As we move toward the end of the theatrical song cycle the last few numbers proceed without a break to form a large, terrifying scene. A baby is born but survives only a few hours, a rickety children's choir advocates appeasement on the recurrent afternoon of J.F.K's assassination and a dying drunk expatriate clutches a copy of Edward Said's Orientalism as she dies.
When I first worked with Wayne some years ago on a little song cycle called Posh (collected on my latest album Native Informant), we had attempted this structure on a smaller scale.

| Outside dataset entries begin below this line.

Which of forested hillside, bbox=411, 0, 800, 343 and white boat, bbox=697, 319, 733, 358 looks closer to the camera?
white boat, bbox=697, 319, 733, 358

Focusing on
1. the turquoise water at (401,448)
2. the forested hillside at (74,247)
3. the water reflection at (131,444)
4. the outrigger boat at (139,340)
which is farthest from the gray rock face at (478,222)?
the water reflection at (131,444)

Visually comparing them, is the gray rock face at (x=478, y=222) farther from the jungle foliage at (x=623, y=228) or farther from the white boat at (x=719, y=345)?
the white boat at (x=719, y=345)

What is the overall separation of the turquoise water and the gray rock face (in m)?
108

The narrator of Posh moves from hapless, pampered child in the first song (Ballad of the Layette) to mischievous adolescent in the second (Blue Sea Songs) to a contemplative figure in the third (Posh) whose weeping father brings to mind the self-slaughtered Walter Benjamin, and who declaims at the cycle's end, that the tenor repertoire "expired" in 1942 as if the damages of the Holocaust and WWII included the death of opera.
The final three-number scene of Pierrot Lunaire amplifies this morbid subtext and unveils the darkness under the surface of a new work that calls on the realms of visual theater, film and atmosphere to underline is dreamscape/nightmare narrative. The overall effect captures Pierrot's awestruck terror at the histrionic decline of great artists/intellectuals: the sorrow and the pity of a beheld ruin.